Smart Kobold is non-euclidean, and a compelling play. Fidel is worth a look also.


Smart Kobold (and other games by Jeff Lait, such as Vicious Orcs) have interesting, weird geometry indeed, but it is still "flat". A bunch of Euclidean square grids glued together. HyperRogue uses actual hyperbolic geometry, which is very different.


non-euclidean?? or is this something different?


It's meant to be non-Euclidean, it was just misspelled and for some reason mods haven't fixed it.


Maybe part of an inside joke?


Title should be "non-Euclidean"


Fixed now. Thanks!


Ah shame, I wondered if it was a new term (and type of confusing game environment) for me to learn about.


non-euclidean is an ill-fitting name, It's just extra dimensional, still within euclidean constraints, and generally not even making full use of a fourth dimension,

These games only explore allowing overlapping 3-dimensional spaces with clearly defined boundaries between those overlapping 3D spaces.


This is true of many ‘non euclidean renderers’ but in this case it is actually using a hyperbolic plane as the playing field.

Higher dimensionality is largely irrelevant to whether the geometry is euclidean or not.

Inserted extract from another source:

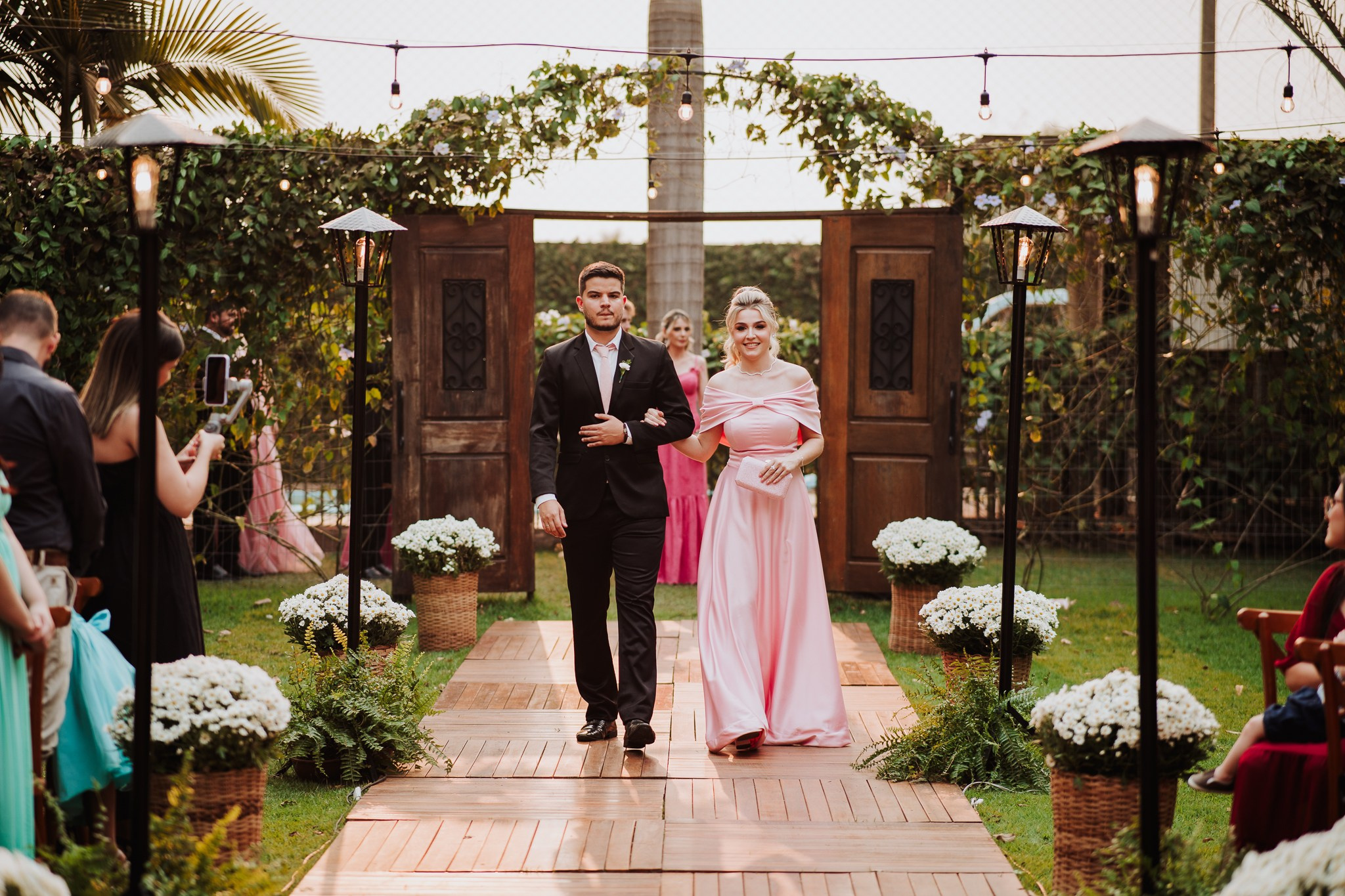 Casamento Lana e Rodrigo. Fotografo de Casamento Daniel Gaspar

Most games set on a globe are, like, say, planetary annihilation.


Yes, but we're all basically familiar with elliptic geometry, and as a result it's not terribly interesting or surprising.

Hyperbolic geometry, on the other hand, is alien to most people, (especially fractal like the projections into 2d and 3d), so when people wave their hands and say 'non-Eyclidean geometry!', that's what they usually actually mean.

Try actually watching some of the hyper-rogue gameplay: https://www.youtube.com/watch?v=lX5eCfRSCKY

I assure you, it's more interesting as a geometric visualisation than planetary annihilation is.

More technical reading here: https://math.stackexchange.com/questions/1407550/what-hyperb...


Yeah it’s nice but at his core non-euclidean geometry is just about the parallels axiom. The dimensional aspect is what makes this game interesting, not the euclidean aspect.


I believe op was just referring to the hn title which has a 'y' in place of the 'u'. The original URL does not use that spelling


Funnily, the title of the HackerNews post about HyperRogue in 2015 was "non-Euclinean roguelike". But it got fixed later.


Hi Zeno! I love your work on IVAN3D, and Necklace of the Eye!